== Task instructions ==
Where the material below has a line containing "escentric molecules escentric", start repeating exactly, and keep going through the line containing "Источник: http", with no other lines.

== Material shown ==

============

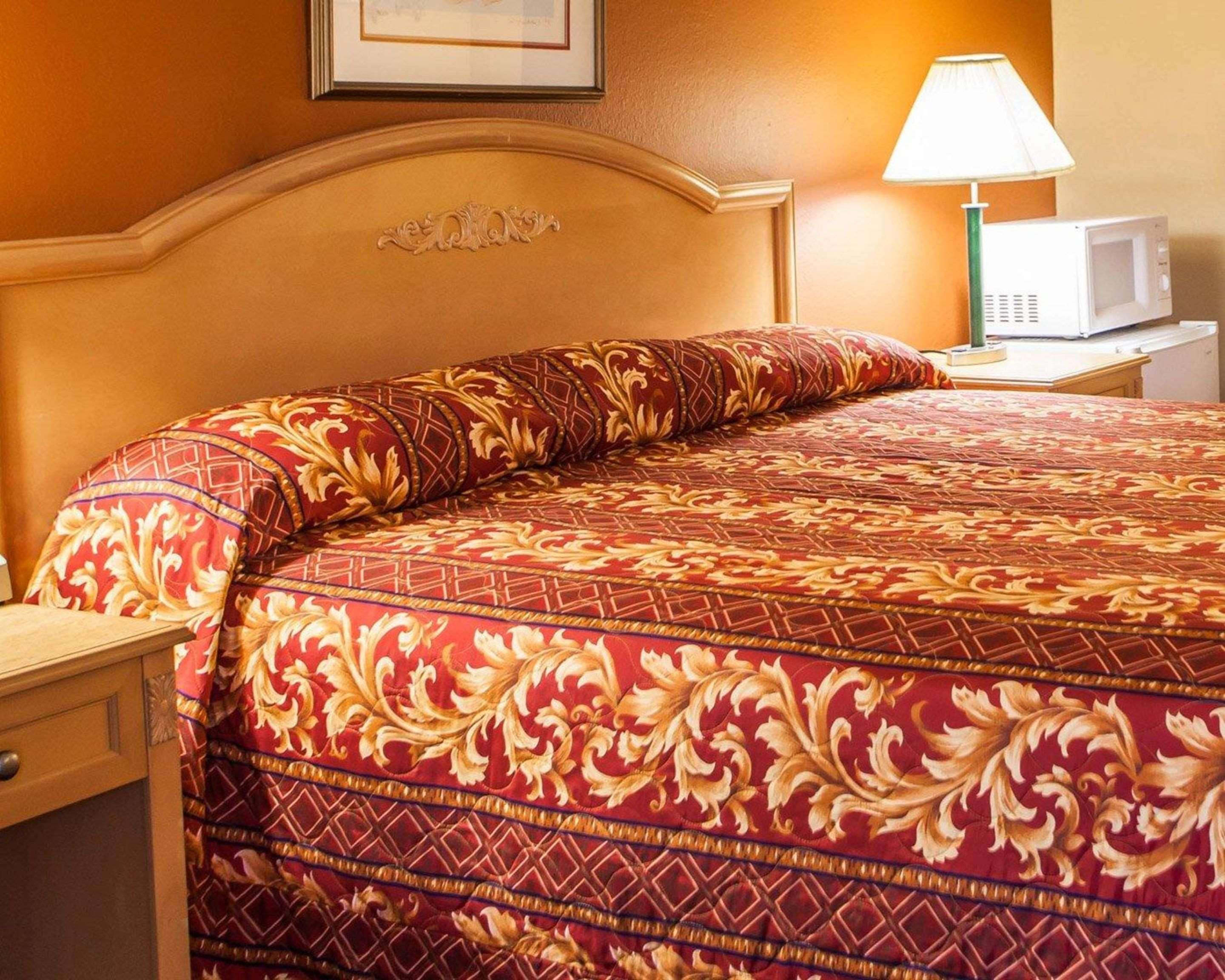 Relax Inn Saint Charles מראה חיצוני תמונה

============

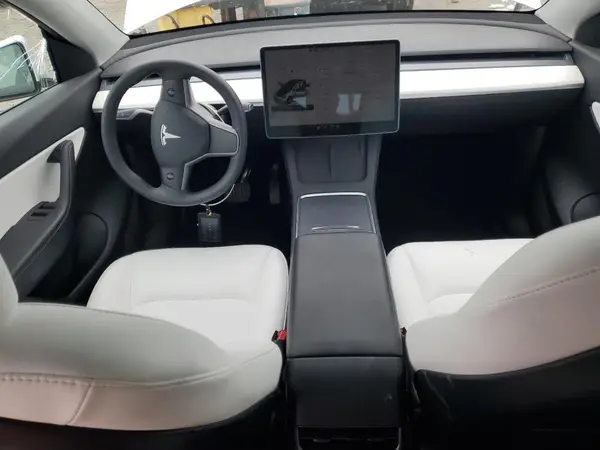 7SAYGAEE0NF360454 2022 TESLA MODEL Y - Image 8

============

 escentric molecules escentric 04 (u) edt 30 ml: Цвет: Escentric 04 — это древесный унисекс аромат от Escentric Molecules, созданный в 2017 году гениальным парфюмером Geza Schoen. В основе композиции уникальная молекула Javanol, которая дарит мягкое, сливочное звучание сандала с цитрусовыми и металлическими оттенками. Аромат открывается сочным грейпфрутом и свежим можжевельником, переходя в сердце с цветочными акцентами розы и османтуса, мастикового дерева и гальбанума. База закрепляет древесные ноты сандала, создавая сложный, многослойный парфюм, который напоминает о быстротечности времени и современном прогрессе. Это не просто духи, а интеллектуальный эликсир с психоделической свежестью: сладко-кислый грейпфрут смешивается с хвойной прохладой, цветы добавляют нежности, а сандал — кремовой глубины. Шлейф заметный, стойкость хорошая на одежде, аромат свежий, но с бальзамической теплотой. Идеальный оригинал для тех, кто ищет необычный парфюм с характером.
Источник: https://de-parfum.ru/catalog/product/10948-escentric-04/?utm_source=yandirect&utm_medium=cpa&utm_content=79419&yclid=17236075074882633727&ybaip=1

============

== Solution to the problem ==
 escentric molecules escentric 04 (u) edt 30 ml: Цвет: Escentric 04 — это древесный унисекс аромат от Escentric Molecules, созданный в 2017 году гениальным парфюмером Geza Schoen. В основе композиции уникальная молекула Javanol, которая дарит мягкое, сливочное звучание сандала с цитрусовыми и металлическими оттенками. Аромат открывается сочным грейпфрутом и свежим можжевельником, переходя в сердце с цветочными акцентами розы и османтуса, мастикового дерева и гальбанума. База закрепляет древесные ноты сандала, создавая сложный, многослойный парфюм, который напоминает о быстротечности времени и современном прогрессе. Это не просто духи, а интеллектуальный эликсир с психоделической свежестью: сладко-кислый грейпфрут смешивается с хвойной прохладой, цветы добавляют нежности, а сандал — кремовой глубины. Шлейф заметный, стойкость хорошая на одежде, аромат свежий, но с бальзамической теплотой. Идеальный оригинал для тех, кто ищет необычный парфюм с характером.
Источник: https://de-parfum.ru/catalog/product/10948-escentric-04/?utm_source=yandirect&utm_medium=cpa&utm_content=79419&yclid=17236075074882633727&ybaip=1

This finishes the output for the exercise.